We will use an algebraic technique called multiplying by the conjugate. This technique is useful when you are trying to simplify an expression that looks like $\sqrt {\text {something} \pm \text {something else}}.$ It takes advantage of the difference of squares rule $a^2-b^2=(a-b)(a+b).$ In our case, we will use $a=\sqrt {x+5}$ and $b=2$ . Write $\lim _{x\to -1} \frac {\sqrt {x+5}-2}{x+1}$

$\begin{align*} &= \lim_{x\to-1} \frac{\left(\sqrt{x+5}-2\right)}{(x+1)} \cdot \frac{\left(\sqrt{x+5}+2\right)}{\left(\sqrt{x+5}+2\right)} \\ &=\lim_{x\to-1} \frac{\answer[given]{\left(\sqrt{x+5}\right)^2-2^2}}{(x+1)\left(\sqrt{x+5}+2\right)} \\ &=\lim_{x\to-1} \frac{x+5-4}{(x+1)\left(\sqrt{x+5}+2\right)} \\ &=\lim_{x\to-1} \frac{\cancel{(x+1)}}{\cancel{(x+1)}\left(\sqrt{x+5}+2\right)} \\ &=\lim_{x\to-1} \frac{1}{\sqrt{x+5}+2}\\ &= \frac{1}{\sqrt{-1+5}+2}\\ &=\answer[given]{\frac{1}{4}}. \end{align*}$

All of the examples in this section are limits of the form $\relax \boldsymbol {\tfrac {0}{0}}$ . When you come across a limit of the form $\relax \boldsymbol {\tfrac {0}{0}}$ , you should try to use algebraic techniques to come up with a continuous function whose limit you can evaluate.

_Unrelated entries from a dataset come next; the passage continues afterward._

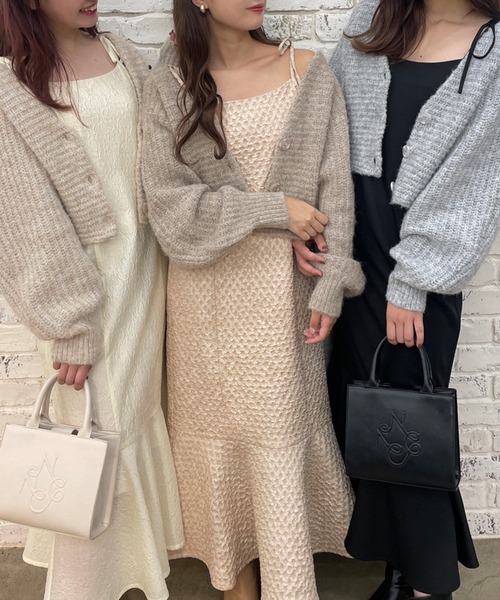 one after another NICE CLAUP（ワンアフターアナザーナイスクラップ）の「着回し万能淡色クロップドカーディガン（カーディガン/ボレロ・レディース・ライトグレー/ベージュ/ブラウン系その他/モカ・FREE）」の20枚目の写真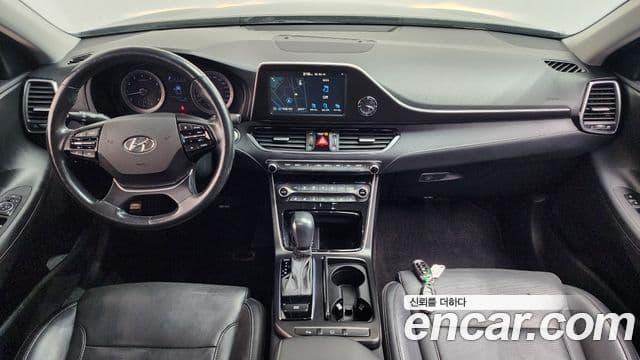 Hyundai Grandeur IG 3.0 LPi Modern (арендный автомобиль), 2019 7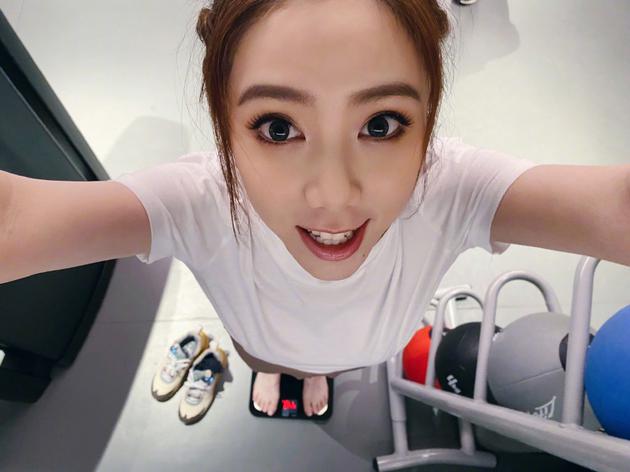 太瘦了！邓紫棋进健身房称体重只有44kg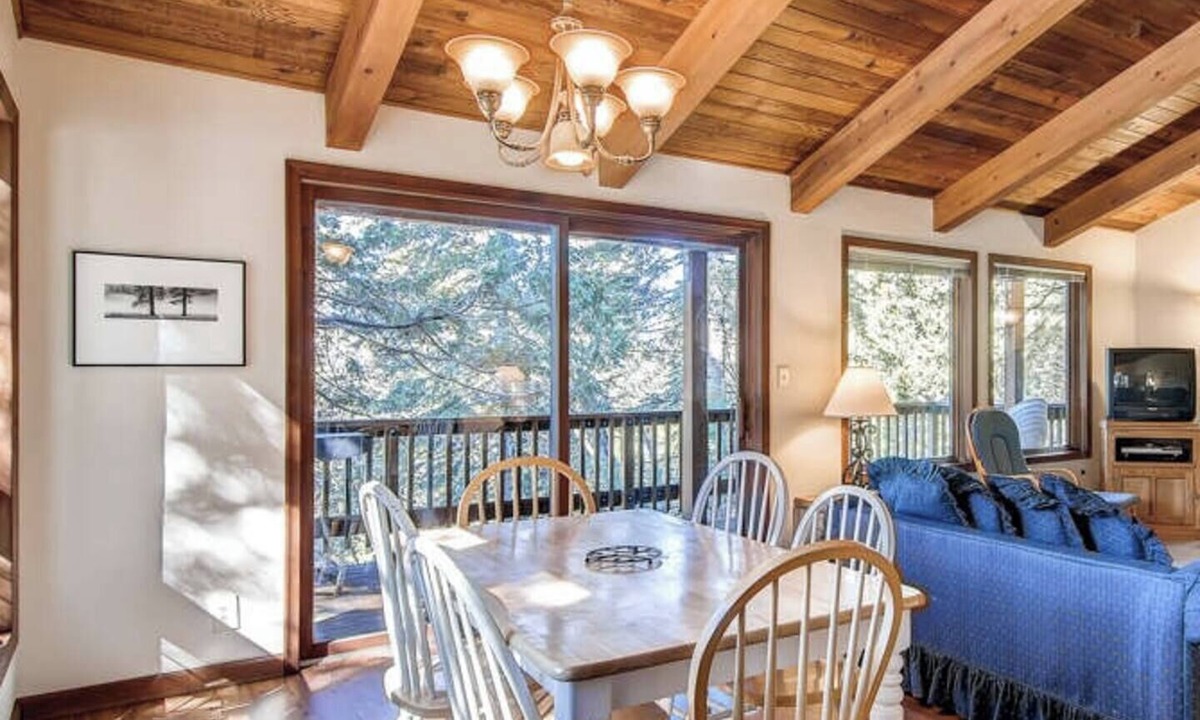Yosemite West House | 3 Bedroom Cabin in the Woods located in Yosemite Park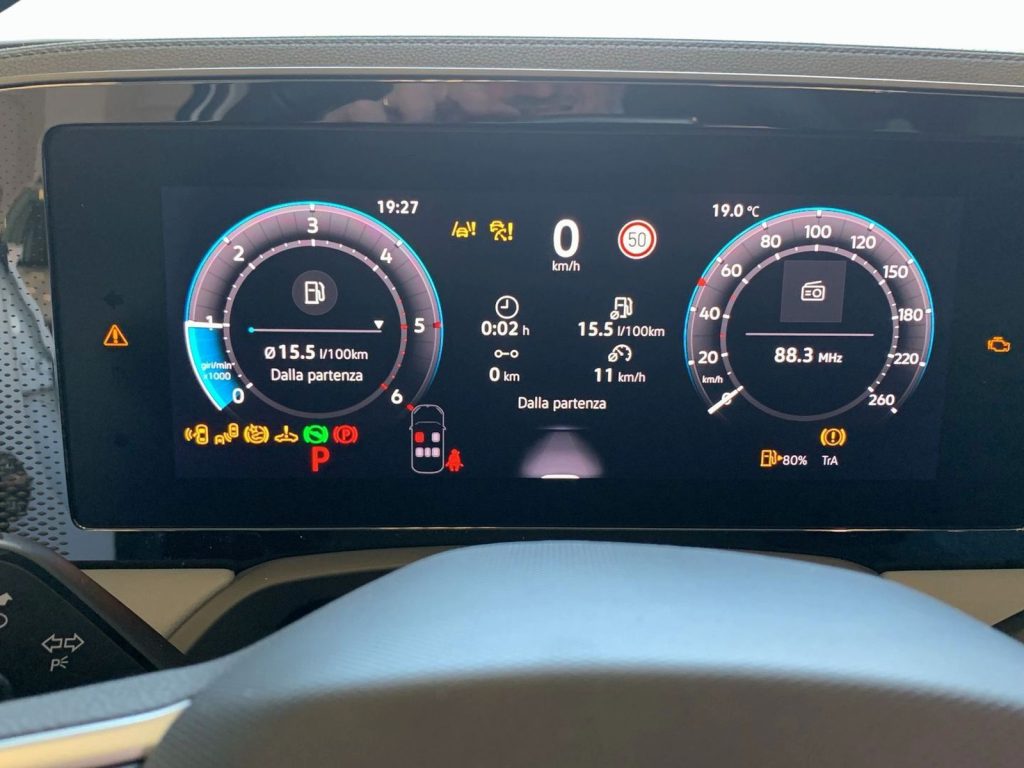 VOLKSWAGEN Passat 2.0 tdi scr business 150cv dsg - 11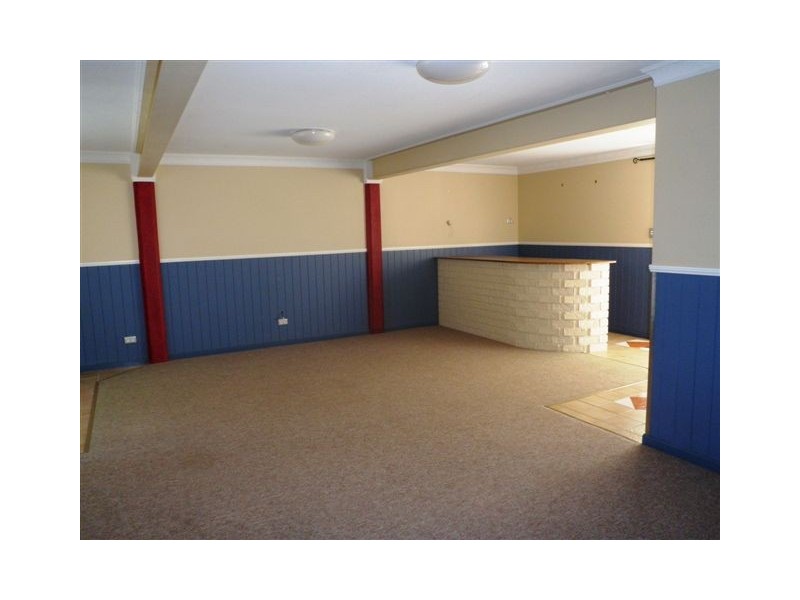 33 Melrose Drive, Flinders View QLD 4305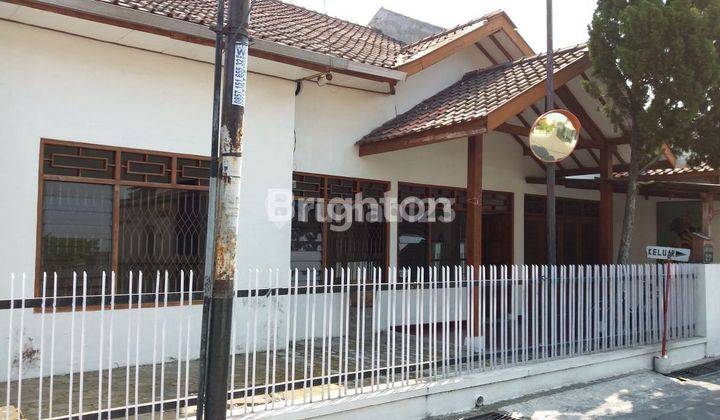 RUMAH ISTIMEWA DI PERUMAHAN SONGGOLANGIT DEKAT LUWES GENTAN 1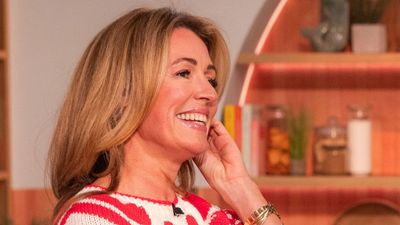 Cat Deeley's playful red heart knit and wide-leg jeans combination has got us in the mood for Valentine's Day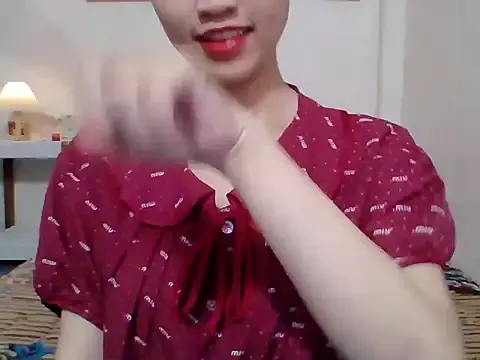 oxo_yuna_oxo – webcam model profile photo Image 6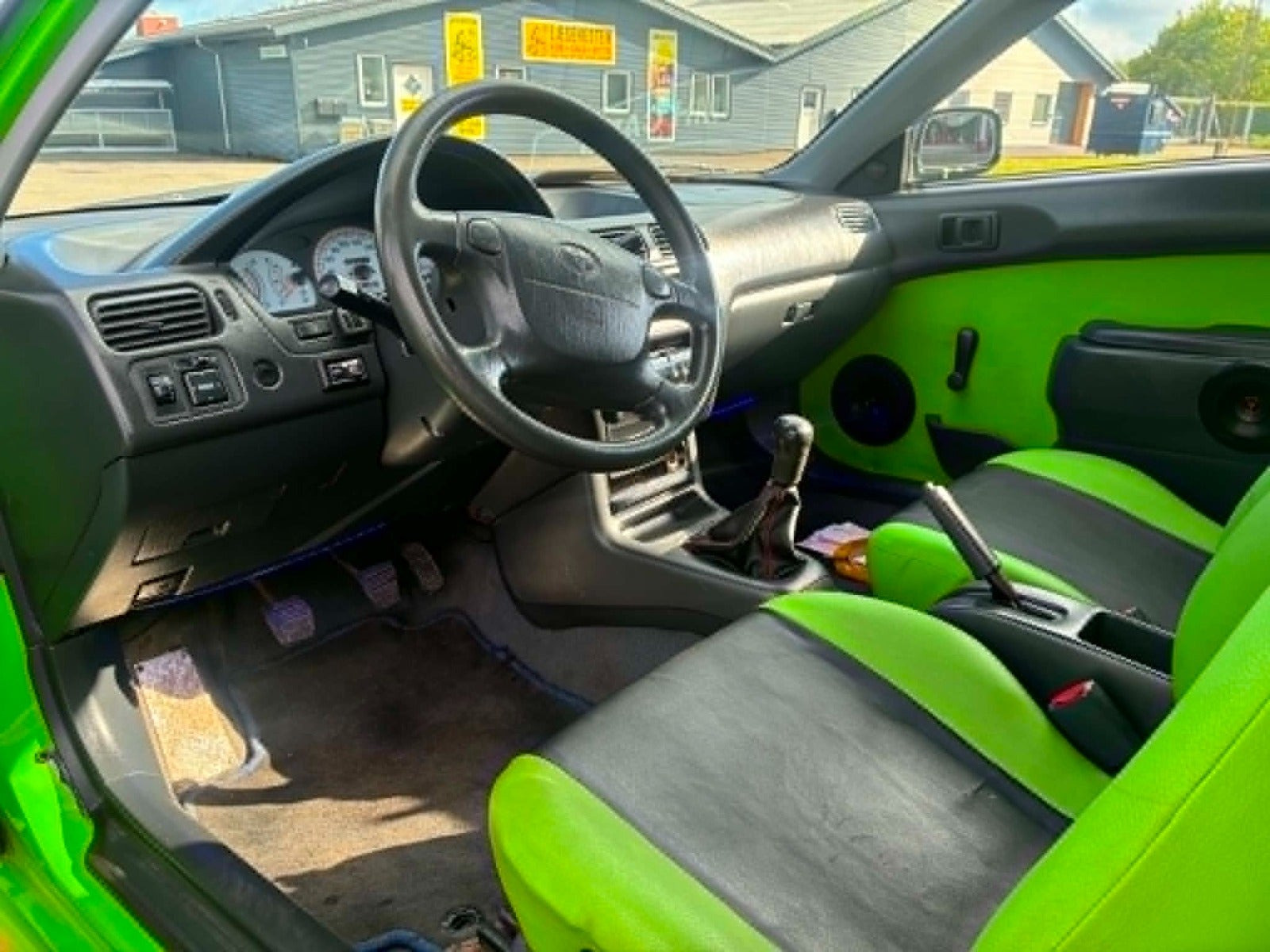 undefined Toyota Paseo fra 1996 set indefra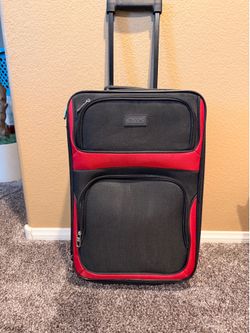 Carry on suitcase with wheels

Notice that we solved multiple examples of limits of the form $\relax \boldsymbol {\tfrac {0}{0}}$ and we got different answers each time. This tells us that just knowing that the form of the limit is $\relax \boldsymbol {\tfrac {0}{0}}$ is not enough to compute the limit. The moral of the story is

Limits of the form $\relax \boldsymbol {\tfrac {0}{0}}$ can take any value.

A form that give us no information about the value of the limit is called an indeterminate form.

A forms that give information about the value of the limit is called a determinate form.

Finally, you may find it distressing that we introduced a form, namely $\relax \boldsymbol {\tfrac {0}{0}}$ , only to end up saying they give no information on the value of the limit. But this is precisely what makes indeterminate forms interesting… they’re a mystery!